[Saved data entries]
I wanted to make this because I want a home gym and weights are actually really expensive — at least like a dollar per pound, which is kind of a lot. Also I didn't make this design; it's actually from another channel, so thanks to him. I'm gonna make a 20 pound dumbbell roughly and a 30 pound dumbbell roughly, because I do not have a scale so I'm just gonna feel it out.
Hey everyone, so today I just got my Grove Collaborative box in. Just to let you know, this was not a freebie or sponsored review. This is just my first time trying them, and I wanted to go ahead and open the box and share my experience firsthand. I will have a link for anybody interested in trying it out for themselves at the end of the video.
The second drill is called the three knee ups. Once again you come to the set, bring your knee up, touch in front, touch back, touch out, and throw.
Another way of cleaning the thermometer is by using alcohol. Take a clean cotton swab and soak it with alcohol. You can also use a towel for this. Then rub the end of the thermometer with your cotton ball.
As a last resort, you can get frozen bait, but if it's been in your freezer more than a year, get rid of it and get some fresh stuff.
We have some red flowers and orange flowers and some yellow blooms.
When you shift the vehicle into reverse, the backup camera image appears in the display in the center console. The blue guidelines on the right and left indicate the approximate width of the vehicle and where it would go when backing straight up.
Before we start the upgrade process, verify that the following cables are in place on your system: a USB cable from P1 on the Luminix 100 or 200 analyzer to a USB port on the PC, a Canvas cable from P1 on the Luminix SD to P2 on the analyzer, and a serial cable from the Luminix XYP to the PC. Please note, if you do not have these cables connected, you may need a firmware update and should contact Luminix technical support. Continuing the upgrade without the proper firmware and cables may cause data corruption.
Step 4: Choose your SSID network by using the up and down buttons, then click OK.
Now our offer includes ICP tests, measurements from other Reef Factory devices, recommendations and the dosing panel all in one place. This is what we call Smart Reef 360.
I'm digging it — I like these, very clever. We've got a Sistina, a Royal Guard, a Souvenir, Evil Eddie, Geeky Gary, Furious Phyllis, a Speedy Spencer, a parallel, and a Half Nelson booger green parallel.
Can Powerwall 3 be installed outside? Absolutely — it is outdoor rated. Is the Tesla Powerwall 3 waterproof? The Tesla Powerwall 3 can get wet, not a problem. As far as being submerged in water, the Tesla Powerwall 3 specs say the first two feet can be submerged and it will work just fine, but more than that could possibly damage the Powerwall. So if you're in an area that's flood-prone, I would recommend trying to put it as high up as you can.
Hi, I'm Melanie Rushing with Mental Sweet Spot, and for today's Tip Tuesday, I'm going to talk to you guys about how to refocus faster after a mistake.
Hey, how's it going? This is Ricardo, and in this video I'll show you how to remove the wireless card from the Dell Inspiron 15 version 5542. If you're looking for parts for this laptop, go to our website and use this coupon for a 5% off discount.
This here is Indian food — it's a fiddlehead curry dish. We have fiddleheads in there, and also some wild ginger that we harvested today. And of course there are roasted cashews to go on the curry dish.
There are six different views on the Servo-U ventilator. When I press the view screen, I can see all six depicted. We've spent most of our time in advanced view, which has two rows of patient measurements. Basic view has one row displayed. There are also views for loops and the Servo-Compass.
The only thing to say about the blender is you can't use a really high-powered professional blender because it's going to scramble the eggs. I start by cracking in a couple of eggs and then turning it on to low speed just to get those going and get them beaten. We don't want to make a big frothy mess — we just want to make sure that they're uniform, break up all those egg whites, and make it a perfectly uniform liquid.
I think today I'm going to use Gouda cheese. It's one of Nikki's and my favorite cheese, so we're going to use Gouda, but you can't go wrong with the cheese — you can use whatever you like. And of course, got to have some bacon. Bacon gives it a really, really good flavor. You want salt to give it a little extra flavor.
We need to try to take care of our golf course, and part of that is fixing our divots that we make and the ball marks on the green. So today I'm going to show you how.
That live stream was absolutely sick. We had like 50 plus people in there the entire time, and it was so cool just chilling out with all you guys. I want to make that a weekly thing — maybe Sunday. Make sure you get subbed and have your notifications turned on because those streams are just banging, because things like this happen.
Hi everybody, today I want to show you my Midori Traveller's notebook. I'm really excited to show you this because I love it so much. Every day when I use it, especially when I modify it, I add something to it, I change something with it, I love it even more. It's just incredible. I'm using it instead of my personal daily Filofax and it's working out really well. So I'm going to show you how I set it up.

_TRY IT:_ Only one stretch of the data above is needed. Restate it word for word, from the line containing "There are six" through the line containing "The only thing", both ends included.

_TASK RESPONSE:_
There are six different views on the Servo-U ventilator. When I press the view screen, I can see all six depicted. We've spent most of our time in advanced view, which has two rows of patient measurements. Basic view has one row displayed. There are also views for loops and the Servo-Compass.
The only thing to say about the blender is you can't use a really high-powered professional blender because it's going to scramble the eggs. I start by cracking in a couple of eggs and then turning it on to low speed just to get those going and get them beaten. We don't want to make a big frothy mess — we just want to make sure that they're uniform, break up all those egg whites, and make it a perfectly uniform liquid.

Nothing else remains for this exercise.